Runs snapshot expiry first, then orphan-file cleanup, across every configured table. Both phases can be turned off independently by leaving their config field blank.

pg2iceberg maintain --config config.yaml
pg2iceberg maintain --config config.yaml --retention 168h   # CLI override
Phase Driven by Behavior
Snapshot expiry sink.maintenance_retention Drops snapshots older than retention. Never drops the current snapshot.
Orphan-file cleanup sink.maintenance_grace Deletes S3 files older than grace that no live snapshot references.

verify — one-shot diff against PG

Reads PG ground truth (REPEATABLE READ snapshot) and Iceberg materialized state for every configured table, compares row-by-row by primary key, prints per-table diff counts. Exits non-zero if any diff is non-empty.

pg2iceberg verify --config config.yaml
pg2iceberg verify --config config.yaml --chunk-size 4096

cleanup — drop PG-side state

Drops the replication slot, drops the publication, and DROP SCHEMA … CASCADE on the coordinator. Does not delete the materialized Iceberg tables — drop those out-of-band via the catalog if you want a full reset.

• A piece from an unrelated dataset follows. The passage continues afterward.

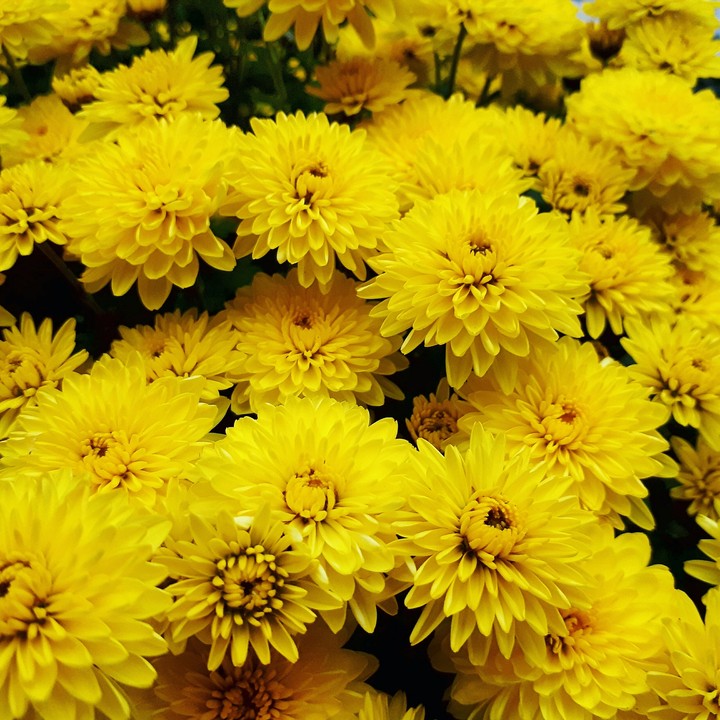yellow flowers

pg2iceberg cleanup --config config.yaml

Danger

This is irreversible. After cleanup, the next pg2iceberg run will create a fresh slot and re-snapshot every table.

migrate-coord — idempotent schema migration

Runs the coordinator schema migration. Every statement is CREATE TABLE IF NOT EXISTS (or ALTER TABLE … ADD COLUMN IF NOT EXISTS), so it's safe to run repeatedly.

pg2iceberg migrate-coord --config config.yaml

run calls this automatically at startup, so explicit invocation is only needed if you want to inspect the schema before the long-running pipeline starts.

connect-pg / connect-iceberg — connectivity smoke tests

Open a connection in the same prod path the lifecycle uses, run a trivial probe, and exit. Useful for k8s initContainer hooks and on-call sanity checks.

pg2iceberg connect-pg --config config.yaml
pg2iceberg connect-iceberg --config config.yaml